We are going to run a few long term weekly charts on different sectors to further clarify how the interactions between different sectors will determine the start of the a new bull market.

The first chart is a long term weekly ratio chart on XLY/XLP–Consumer Discretionary against Consumer Staples.  When the XLY/XLP ratio chart is in down trend, it signifies a risk-off environment, meaning that investors have no appetite for risk.  In this weekly chart, you can see that it is below the long term trend line.  This long term trend line is drawn by connecting the 2008 low with the 2020 low.  This chart shows that the market is under going a major correction since the financial crisis.  The Fed is undoing the easy money policy instituted since the 2008 financial crisis in a very rapid pace.  This chart is pointing down right now, the bottom is not in.  Risk appetite is not showing signs of life at the moment.

The second chart is a long term weekly XLE/XPY ratio chart– Energy vs. SPY the general market.  This ratio chart shows that energy sector is still under the long term 2008-2014 trend line despite the war in Ukraine.  The November 2022 top is confirmed and the energy sector will be down for the next two months.  We have to see if it will breach the support line below.  If the support line is broken in the next two months, it will provide great fundamental support for the stock market.

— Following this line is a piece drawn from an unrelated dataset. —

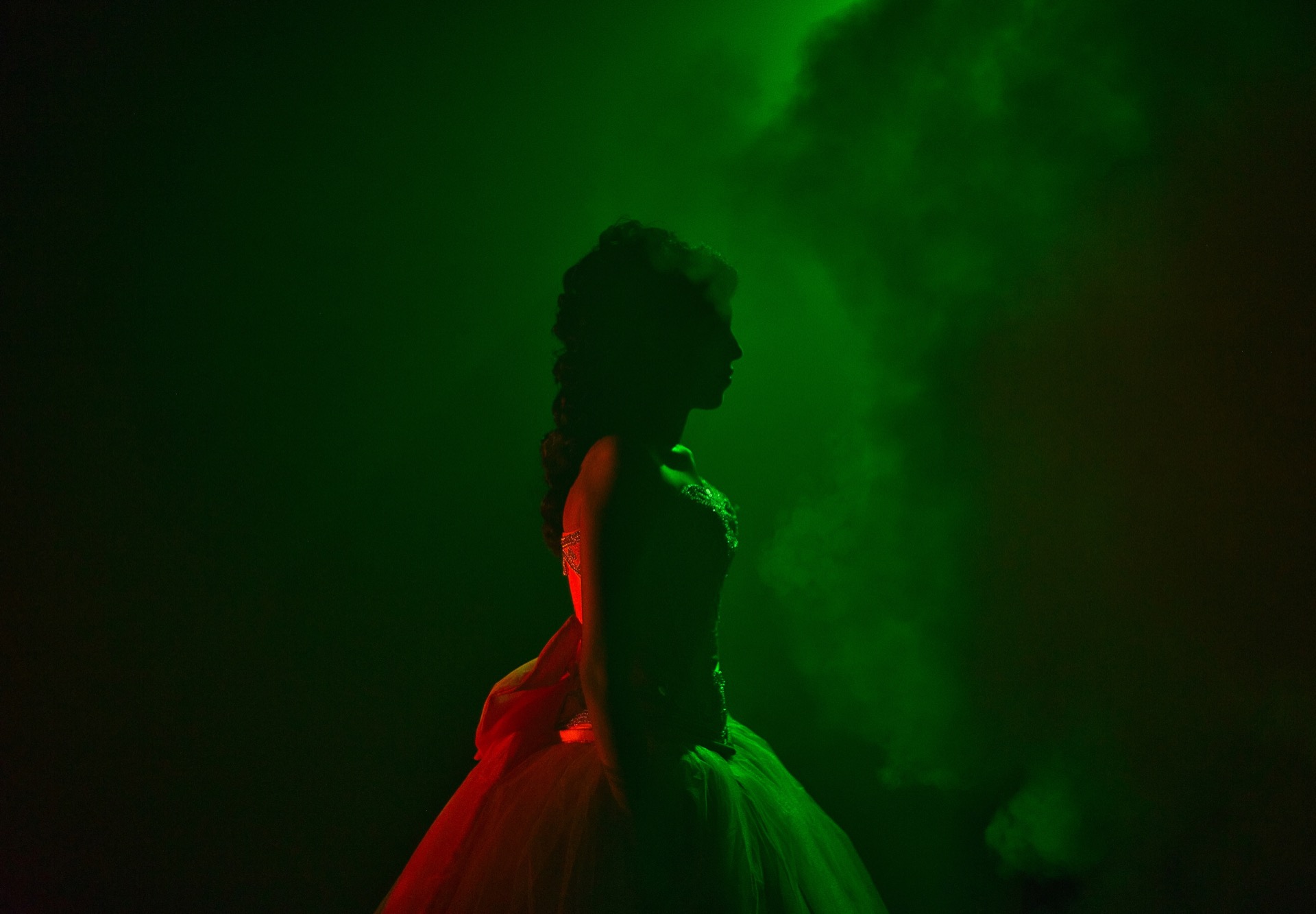 Iguana Like the Sun - Photo 1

The next chart is a long term weekly ratio chart of XLV/SPY, Healthcare against the general market.  Healthcare is the sector where investors hide during recession.  You can see that right now the Healthcare XLV is in a bull market locked in the up trend channel lines.  When the XLV/SPY ratio chart makes a top, the bottom in the general market is not too far.  We don’t see a top in XLV yet.

All in all, these ratio charts are showing us:

  1.  The market is undergoing a major correction since the 2008 financial crisis due to rapid monetary policy changes.
  2. Inflation will come down rapidly because the energy sector XLE is still under the long term (2008-2014) trend line despite the war in Ukraine.  Perhaps the ever increasing renewable energy production has changed the traditional energy sector permanently.
  3. The bull market in Healthcare sector is clearly not showing signs of slowing down.  That means the mid October bottom in the general market is not the final one, we need a top in the Healthcare sector to match the bottom in the general market.

The November CPI will be released next Tuesday at 8:30 am and the Fed will speak next Wednesday afternoon.  It is anticipated that the Fed will raise 50-basis-point in the December meeting and the CPI data will show inflation is easing.  The investors may react negatively  to these two events because of the recession worries.  If there are any positive price actions, we would be selling calls and perhaps buying puts in XLE too.

We don’t hold much hope for the year-end rally, mainly because the Energy and Healthcare sectors have behaved such way showing us the general weakness in the stock market.  We anticipate the equities to make a bottom in Q1 2023.